*** Dataset section ***

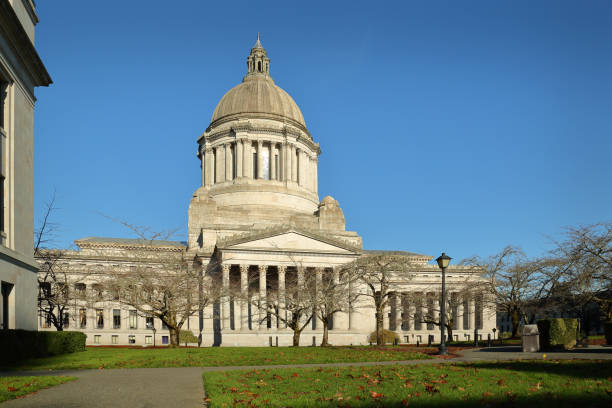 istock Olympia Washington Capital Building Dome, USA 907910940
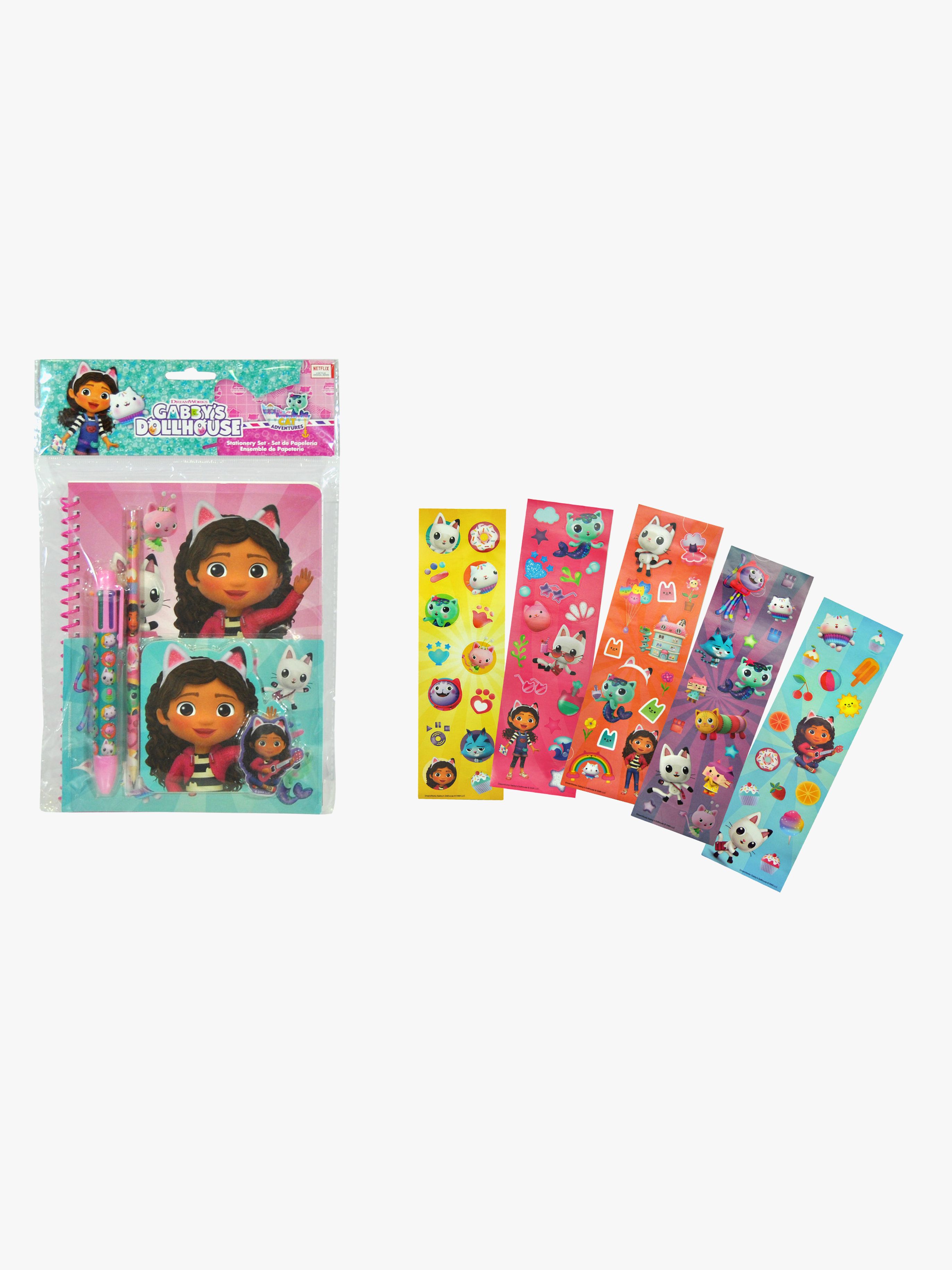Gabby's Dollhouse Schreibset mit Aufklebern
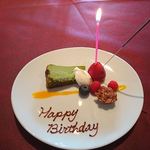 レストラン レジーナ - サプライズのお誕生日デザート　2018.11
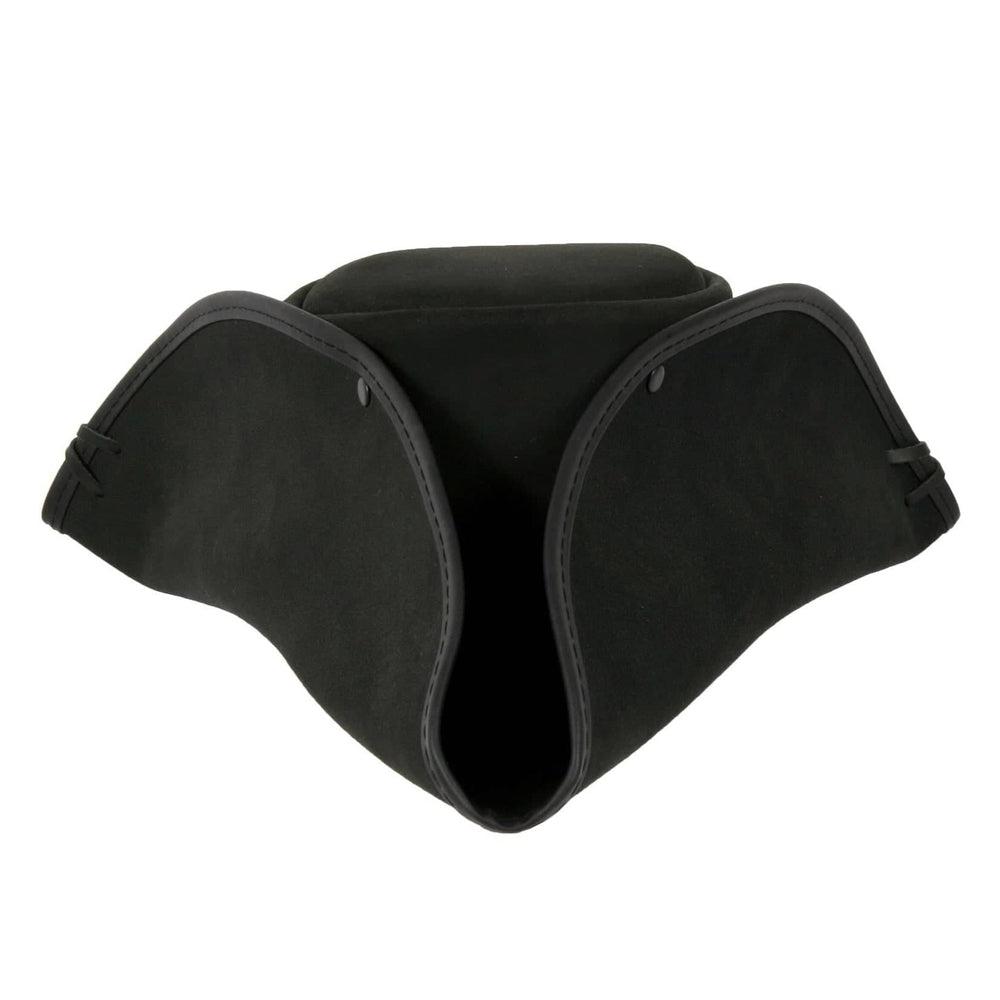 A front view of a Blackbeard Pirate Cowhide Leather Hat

***

== Your goal ==
All that belongs in the answer is the exact run of lines from the line containing "Gabby's Dollhouse Schreibset mit Aufklebern" to the end of the listing above, pictures removed.

== Answer for the task ==
Gabby's Dollhouse Schreibset mit Aufklebern
 レストラン レジーナ - サプライズのお誕生日デザート　2018.11
 A front view of a Blackbeard Pirate Cowhide Leather Hat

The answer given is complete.